At the installation of a new local database, we can have an automatic
synchronization of the Trait dictionary with the ontology and populate the new
DB in the proper language
A new trait central Database synchronization of central Database -> the
annotation will be given back to the local DB next iteration
2. Technical Issues for curation and use of trait dictionaries
There was a discussion on handling the triple terms - trait, scale and method. We have ids
for each component as well as ids for all valid triplets.
3. Data Uploading
William Eusebio from IRRI gave a tutorial to Crop Curators on the procedure for
uploading data from a local databse to the central database. William’s procedures can be
used as a sequence of SQL macros, and they are being integrated into an Administrator’s
Tool by Shawn Yates from AAFC. The prototype for which is available on CropForge:
4. Analytical Pipeline.
a. Establish a source repository an crop forge (for R-scripts, and Java wave
interface)
b. Relocate the prototype wave interface ASAP for feedback objective is to have a
menu system into which R-scripts can we plugged easily.
4. c. Specify Standards for data structure and parameters passing for R-script
developers.
d. Develop data access facilities for reading standard tools and datasets from the
database.
5. Simulation
a.

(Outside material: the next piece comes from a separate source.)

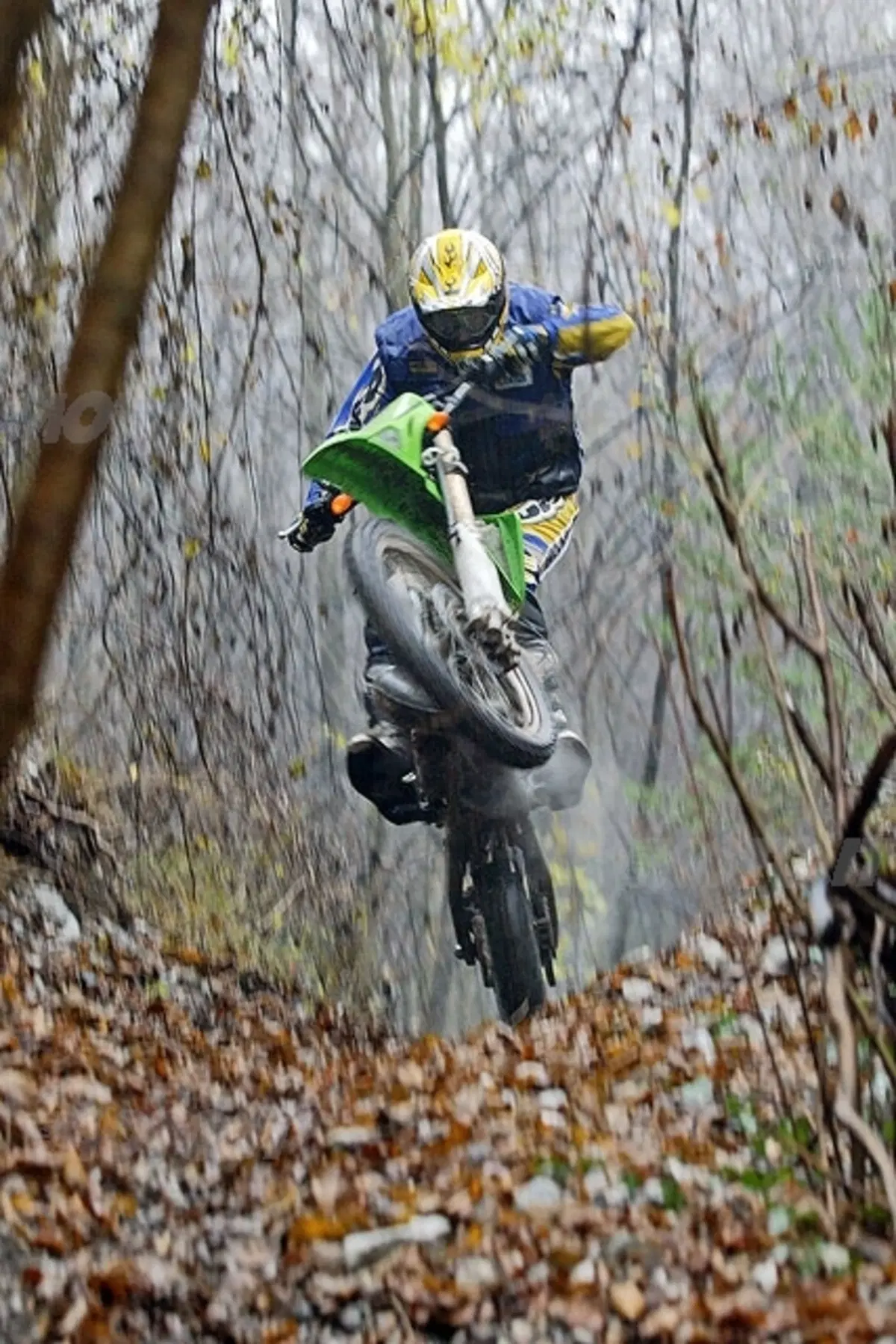 KAWASAKI Gamma Enduro 2007 (14)
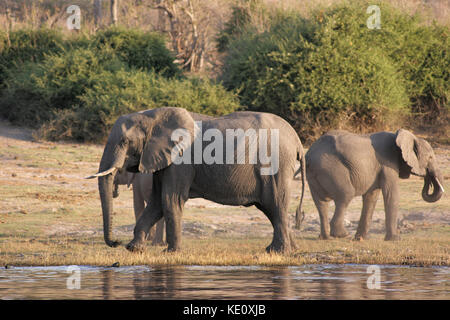 Der afrikanische Elefant stehend an einer Wasserstelle im Chobe National Park, Botswana Stockfoto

Development of a training module
b. Explore opportunities for simulation of strategic and tactical issues with IBP use
cases.
Future direction for the Crop Information Theme
As with most aspect of GCP activities the direction of the last laps of phase II are more or less
set, and there have been no particular issues raised at GRM to require major changes:
1. Informatics Infrastructure
Develop and deploy the Configurable Workflow System
2. User Support
Support the use of GCP tools and best practices including standards (ontology, trait
dictionaries) data management, analysis, decision support for traditional and emerging
technologies (NGS and GWS)
3. Research
a. Tools and methods for emerging technologies (NGS, GWS)
b. Improve statistical analysis (mapping, QTL analysis, QLTXE, Selection Indices)
c. Blups for haplotypes in GWS
d. Trait dictionaries and ontologies.